The memorandum of intent should detail family history, capturing those little things that only close relatives understand: daily schedule, favorite activities, things he or she loves or hates, living arrangements that work or don’t…there’s no detail too small to ease the transition.

Because levels of disability vary, and because many people fail to recognize that, it’s important to include a list of daily activities. The ability to contribute to family life builds self-esteem, so if your child can help with the dishes, put it in the memorandum. If he or she loves to clear the table, mention that. If folding clothes frustrates him or her, it’s important that future caretakers have this information up front.

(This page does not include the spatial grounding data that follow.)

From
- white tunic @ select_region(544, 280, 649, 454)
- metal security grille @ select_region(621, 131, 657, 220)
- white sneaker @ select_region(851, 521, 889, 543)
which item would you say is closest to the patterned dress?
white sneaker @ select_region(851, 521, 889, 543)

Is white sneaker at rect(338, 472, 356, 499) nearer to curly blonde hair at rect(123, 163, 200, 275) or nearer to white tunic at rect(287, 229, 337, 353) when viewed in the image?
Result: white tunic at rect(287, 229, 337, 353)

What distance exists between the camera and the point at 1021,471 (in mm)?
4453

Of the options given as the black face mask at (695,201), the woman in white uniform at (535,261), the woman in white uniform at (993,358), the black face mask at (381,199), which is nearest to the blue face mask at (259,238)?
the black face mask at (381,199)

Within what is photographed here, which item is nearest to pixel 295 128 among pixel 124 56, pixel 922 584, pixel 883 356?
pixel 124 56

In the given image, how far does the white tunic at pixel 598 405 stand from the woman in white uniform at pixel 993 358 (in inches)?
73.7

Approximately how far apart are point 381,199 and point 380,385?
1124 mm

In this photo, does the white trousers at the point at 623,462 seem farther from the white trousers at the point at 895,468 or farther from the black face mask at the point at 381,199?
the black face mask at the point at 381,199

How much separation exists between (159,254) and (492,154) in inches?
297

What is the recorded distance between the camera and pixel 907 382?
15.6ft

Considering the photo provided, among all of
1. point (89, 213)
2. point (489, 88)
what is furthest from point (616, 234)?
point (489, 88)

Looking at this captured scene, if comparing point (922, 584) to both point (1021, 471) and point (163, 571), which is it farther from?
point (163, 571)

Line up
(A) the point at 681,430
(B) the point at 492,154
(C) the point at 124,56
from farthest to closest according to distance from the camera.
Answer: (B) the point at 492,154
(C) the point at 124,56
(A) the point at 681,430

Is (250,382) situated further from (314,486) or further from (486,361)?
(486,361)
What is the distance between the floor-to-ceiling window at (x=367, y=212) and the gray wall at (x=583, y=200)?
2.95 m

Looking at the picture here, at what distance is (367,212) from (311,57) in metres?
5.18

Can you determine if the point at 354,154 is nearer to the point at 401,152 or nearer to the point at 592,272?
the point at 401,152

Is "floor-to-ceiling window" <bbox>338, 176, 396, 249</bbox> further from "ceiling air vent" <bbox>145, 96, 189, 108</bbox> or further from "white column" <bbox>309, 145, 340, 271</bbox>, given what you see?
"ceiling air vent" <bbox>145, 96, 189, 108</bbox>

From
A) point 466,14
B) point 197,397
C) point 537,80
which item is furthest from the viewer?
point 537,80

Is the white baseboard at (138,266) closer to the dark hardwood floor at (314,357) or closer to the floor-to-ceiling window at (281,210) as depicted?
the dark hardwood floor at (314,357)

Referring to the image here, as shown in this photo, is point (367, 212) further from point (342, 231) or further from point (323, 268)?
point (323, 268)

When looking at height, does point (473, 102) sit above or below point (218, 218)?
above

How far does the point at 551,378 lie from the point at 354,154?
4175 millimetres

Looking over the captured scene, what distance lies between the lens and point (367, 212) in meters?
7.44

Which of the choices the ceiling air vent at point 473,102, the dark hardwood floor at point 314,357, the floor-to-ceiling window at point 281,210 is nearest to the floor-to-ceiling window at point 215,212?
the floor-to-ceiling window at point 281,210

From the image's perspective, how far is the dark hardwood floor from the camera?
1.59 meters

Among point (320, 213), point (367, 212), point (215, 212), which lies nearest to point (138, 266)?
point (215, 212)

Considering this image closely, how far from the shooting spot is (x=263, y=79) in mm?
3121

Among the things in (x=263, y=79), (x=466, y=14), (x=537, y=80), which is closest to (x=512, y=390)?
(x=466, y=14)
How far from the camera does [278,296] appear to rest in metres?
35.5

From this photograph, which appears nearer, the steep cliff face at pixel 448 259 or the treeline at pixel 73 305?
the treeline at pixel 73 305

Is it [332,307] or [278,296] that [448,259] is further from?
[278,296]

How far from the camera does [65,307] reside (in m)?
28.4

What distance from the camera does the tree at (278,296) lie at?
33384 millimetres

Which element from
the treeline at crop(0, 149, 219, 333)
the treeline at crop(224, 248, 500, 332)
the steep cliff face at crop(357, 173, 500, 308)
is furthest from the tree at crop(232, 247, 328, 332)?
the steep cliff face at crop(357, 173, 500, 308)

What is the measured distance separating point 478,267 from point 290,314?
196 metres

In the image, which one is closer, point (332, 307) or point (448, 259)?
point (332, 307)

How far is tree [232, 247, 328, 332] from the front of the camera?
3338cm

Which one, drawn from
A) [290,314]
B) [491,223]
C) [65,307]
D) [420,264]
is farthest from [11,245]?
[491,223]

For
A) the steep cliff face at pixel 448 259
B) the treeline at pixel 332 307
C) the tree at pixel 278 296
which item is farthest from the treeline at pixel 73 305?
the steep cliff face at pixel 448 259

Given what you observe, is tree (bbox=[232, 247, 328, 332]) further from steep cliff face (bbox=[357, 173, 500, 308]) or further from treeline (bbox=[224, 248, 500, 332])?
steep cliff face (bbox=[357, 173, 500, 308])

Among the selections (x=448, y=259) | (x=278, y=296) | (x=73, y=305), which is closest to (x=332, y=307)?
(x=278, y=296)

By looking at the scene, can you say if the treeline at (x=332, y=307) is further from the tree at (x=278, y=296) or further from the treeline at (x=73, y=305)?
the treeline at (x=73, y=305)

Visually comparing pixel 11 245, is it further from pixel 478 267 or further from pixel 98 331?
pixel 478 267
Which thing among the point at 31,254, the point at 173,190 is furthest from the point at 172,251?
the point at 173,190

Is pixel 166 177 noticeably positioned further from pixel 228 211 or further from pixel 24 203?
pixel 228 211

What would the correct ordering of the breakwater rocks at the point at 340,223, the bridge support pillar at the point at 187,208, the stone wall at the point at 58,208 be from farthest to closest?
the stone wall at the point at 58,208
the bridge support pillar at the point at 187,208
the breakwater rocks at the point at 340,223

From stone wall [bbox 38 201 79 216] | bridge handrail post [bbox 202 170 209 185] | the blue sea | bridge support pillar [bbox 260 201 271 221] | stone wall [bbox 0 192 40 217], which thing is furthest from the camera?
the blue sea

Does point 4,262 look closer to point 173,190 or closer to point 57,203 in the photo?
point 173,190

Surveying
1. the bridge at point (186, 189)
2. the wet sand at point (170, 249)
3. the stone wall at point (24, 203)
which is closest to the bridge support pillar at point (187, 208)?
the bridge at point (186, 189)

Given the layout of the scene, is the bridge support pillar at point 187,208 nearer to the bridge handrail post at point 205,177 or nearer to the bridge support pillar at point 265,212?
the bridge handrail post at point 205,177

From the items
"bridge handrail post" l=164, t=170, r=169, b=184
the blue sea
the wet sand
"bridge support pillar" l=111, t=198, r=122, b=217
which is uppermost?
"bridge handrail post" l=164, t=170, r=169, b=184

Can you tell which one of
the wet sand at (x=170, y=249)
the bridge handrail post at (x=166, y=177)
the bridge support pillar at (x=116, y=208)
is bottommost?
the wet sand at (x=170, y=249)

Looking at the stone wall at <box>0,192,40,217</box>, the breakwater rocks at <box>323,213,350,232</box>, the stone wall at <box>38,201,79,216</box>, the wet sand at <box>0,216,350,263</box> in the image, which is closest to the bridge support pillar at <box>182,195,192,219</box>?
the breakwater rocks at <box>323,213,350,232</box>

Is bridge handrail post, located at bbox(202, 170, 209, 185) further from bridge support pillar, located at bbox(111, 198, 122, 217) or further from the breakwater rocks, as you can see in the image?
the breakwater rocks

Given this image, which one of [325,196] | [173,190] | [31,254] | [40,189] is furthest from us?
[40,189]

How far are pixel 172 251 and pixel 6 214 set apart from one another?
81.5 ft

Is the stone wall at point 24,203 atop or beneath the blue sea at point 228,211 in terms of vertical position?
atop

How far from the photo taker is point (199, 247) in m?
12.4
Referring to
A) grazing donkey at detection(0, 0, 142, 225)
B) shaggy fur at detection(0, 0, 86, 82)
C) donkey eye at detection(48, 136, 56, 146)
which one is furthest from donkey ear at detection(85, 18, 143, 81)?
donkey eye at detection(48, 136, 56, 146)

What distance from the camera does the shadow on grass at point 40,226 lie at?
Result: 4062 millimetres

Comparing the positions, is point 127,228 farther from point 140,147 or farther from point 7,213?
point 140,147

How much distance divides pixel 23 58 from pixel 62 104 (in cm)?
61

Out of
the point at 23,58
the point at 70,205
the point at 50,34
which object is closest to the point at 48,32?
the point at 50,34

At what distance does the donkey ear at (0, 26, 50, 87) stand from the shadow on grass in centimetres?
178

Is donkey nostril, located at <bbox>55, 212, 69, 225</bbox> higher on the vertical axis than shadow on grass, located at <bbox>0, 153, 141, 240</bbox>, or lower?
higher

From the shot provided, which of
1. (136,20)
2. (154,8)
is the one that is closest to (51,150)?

Does your adult child have a job? Does he or she want one? What type of work can he or she be successful at? Is college an option? How did you plan to pay for it? These are all questions that emerge eventually in the life of a person with special needs, and although you certainly plan to be there to help answer them, it’s important that you address them beforehand, for your child’s sake.

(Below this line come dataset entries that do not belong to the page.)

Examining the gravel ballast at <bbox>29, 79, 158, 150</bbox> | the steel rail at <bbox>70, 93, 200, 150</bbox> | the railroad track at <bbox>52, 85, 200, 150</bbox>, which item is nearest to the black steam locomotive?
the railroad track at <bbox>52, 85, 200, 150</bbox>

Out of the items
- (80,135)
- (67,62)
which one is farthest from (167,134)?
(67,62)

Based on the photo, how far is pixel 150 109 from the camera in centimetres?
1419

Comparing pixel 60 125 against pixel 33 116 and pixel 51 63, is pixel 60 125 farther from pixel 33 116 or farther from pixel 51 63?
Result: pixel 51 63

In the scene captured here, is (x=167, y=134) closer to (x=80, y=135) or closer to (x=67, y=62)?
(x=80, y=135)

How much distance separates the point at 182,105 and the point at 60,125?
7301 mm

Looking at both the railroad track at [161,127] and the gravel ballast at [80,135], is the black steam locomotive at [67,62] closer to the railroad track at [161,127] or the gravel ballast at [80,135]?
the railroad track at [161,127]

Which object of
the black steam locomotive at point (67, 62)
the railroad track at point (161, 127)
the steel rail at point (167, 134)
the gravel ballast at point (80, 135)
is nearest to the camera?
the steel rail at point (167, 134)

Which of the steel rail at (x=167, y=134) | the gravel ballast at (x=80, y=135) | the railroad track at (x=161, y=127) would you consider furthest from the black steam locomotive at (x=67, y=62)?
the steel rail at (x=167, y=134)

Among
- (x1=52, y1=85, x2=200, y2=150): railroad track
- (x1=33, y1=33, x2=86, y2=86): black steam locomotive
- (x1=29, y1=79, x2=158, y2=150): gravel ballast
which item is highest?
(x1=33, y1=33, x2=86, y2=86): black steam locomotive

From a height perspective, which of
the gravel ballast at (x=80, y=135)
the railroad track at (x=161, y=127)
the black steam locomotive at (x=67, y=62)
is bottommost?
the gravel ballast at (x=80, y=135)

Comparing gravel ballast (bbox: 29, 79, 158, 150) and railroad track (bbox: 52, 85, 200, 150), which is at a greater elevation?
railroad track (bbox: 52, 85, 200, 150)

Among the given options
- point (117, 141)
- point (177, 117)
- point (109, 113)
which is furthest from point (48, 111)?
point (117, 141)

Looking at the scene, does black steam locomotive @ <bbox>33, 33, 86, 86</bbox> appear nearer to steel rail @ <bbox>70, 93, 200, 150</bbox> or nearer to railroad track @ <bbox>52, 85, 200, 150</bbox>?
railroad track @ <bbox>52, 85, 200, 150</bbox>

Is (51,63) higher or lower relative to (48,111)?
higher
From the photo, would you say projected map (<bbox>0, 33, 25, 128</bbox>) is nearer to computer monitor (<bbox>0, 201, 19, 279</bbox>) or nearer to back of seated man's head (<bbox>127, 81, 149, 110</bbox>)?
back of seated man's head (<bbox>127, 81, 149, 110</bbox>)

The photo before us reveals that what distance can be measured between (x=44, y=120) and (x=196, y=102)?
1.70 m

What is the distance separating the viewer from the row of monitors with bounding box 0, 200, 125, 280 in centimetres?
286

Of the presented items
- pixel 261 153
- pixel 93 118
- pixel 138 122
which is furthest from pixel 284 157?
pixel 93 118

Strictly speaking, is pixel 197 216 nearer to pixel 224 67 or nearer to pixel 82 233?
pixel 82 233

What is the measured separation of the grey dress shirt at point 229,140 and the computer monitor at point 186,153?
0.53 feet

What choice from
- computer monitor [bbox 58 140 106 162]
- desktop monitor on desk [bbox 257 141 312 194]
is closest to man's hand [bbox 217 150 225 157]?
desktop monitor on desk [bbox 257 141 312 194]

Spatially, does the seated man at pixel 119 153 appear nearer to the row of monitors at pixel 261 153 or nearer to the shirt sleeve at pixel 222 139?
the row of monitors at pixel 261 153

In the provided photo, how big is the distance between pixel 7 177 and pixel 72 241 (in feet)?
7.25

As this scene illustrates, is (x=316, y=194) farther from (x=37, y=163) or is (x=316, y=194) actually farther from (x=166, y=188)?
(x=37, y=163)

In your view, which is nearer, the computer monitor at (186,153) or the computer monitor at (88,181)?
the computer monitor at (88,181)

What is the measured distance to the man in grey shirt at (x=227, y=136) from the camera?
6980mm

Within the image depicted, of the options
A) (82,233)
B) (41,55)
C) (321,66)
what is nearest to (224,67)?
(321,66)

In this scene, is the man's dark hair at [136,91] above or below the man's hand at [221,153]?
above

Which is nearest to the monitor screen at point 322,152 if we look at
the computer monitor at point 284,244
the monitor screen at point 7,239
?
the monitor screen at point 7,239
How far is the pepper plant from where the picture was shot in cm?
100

Income Tax Issues for Special Needs Trusts

Regardless of who serves as the Settlor of a (d)(4)(A) SNT, the IRS considers it to be a “grantor trust” with respect to the Beneficiary for income tax purposes if neither the Trustee no any other person is an “adverse party” who must consent to distributions for the Beneficiary. See I.R.C. Section 677. If a (d)(4)(A) SNT is a “grantor trust,” then all income, deductions and credits with respect to the assets of the SNT are reported by the Beneficiary under his Social Security Number on his individual Income Tax Returns, regardless of whether the income or gains are actually distributed to, or for the benefit of, the Beneficiary. See I.R.C. Section 67l. The Trustee of a (d)(4)(A) SNT that is treated as a “grantor trust” may nevertheless obtain a separate Federal Employer Identification Number for the SNT, and file an “informational” Income Tax Return for the SNT on IRS Form 1041, indicating that the income, gains, deductions and credits of the SNT will be fully reported by the Beneficiary on his Form 1040.

If a (d)(4)(A) SNT is not taxed as a “grantor trust,” it is taxed as a “complex trust” under I.R.C. Section 641. The Beneficiary of a (d)(4)(A) SNT is often in a lower tax bracket than an irrevocable non-grantor trust. In 2013, a single person reaches the 39.6% bracket at $398,351, while an irrevocable non-grantor trust reaches the 39.6% bracket at $11,950. Furthermore, a (d)(4)(A) SNT that is not a “grantor trust” may also qualify as a “qualified disability trust” under I.R.C. Section 642(b)(2)(ii), and be entitled to a deduction equal to the exemption that a single taxpayer could claim under I.R.C. Section 151(d).

Gift Tax Issues for Special Needs Trusts

If a self-settled (“first-party”) SNT provides that the Beneficiary shall have a testamentary power of appointment over the property remaining in the SNT at his death (and after the Medicaid “pay-back” is satisfied), then funding an irrevocable SNT with the Beneficiary’s assets does not result in a completed gift for federal gift tax purposes. See Treas. Reg. Section 25.2511-2(C). Even if the Beneficiary is not capable of exercising the power of appointment, the mere possession of the power is sufficient to preclude a completed gift upon funding. If the funding transfer to a self-settled SNT is deemed to be a completed gift to the remainder beneficiaries for purposes of the federal gift tax under I.R.C. Section 2501, the Beneficiary may shelter a portion or the entire gift amount by applying his federal lifetime gift tax exclusion. See I.R.C. Section 2505(a)(1).

Gifts to a third-party SNT generally will not (and should not) qualify as a “present interest” with respect to the Beneficiary under I.R.C. Section 2503(b).